Jean-Yves Thibaudet plays Satie’s Gymnopédies

Slanting and shadow-cutting a flickering eddy

Trickled in gusts of gold on the shiny flagstone

Where the atoms of amber in the fire mirroring themselves

Mingled their sarabande with the gymnopaedia

From “The Ancients”, J.P. Contamine de Latour’s poem that inspired The Gymnopédies.

A couple of years ago, I was having dinner with Jean-Yves Thibaudet and I was trying to avoid the usual, tired all questions that people probably ask someone like him all the time. And yet, I had to ask, of all the composers he regularly played, to whom did he feel the most emotionally connected? Without hesitation, without pause, he said Satie. I was somewhat surprised because it is true that he is best known for his interpretations of Satie but he is also known for his on stage histrionics (Vivienne Westwood designs all the suits he wears during performances, for instance and she is not exactly the epitome of restrain or mellow aesthetics).

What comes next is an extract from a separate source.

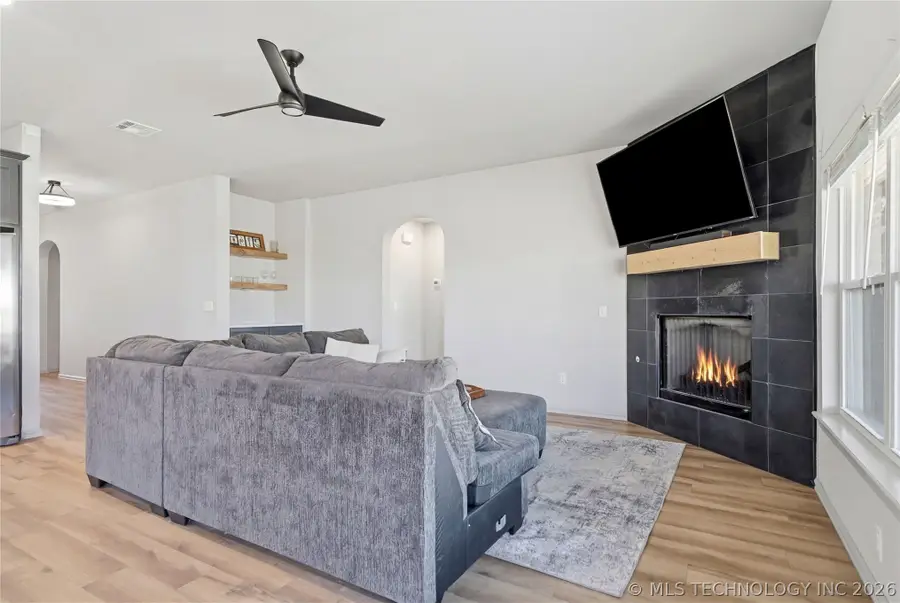 5917 E 126th Place S, Tulsa, OK 74008 - #3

I’ve been listening to him play Satie practically all morning. This music is such a great soundtrack for my moments of ennui. And I don’t mean ennui in the sense of boredom (I am rarely, if ever, bored) but more in the sense of a languid melancholy. A kind of undefinable state where I remember the times gone by, the people I encountered, the home at the other side of the world that I once left behind, my family, friends I no longer know, the choices I made and the ones that were made for me, the animals I once cared for but who have long left this earth, the food that my grandmas cooked. The stuff that made me who I am, bundle of emotions and words and memories. And I cried a little, wishing I could hug 15 year old me and tell myself that things might not turn as planned (they rarely ever do), and yet, it is still worth trying, if anything, for the sheer pleasure of listening to Gymnopedie Nr. 3.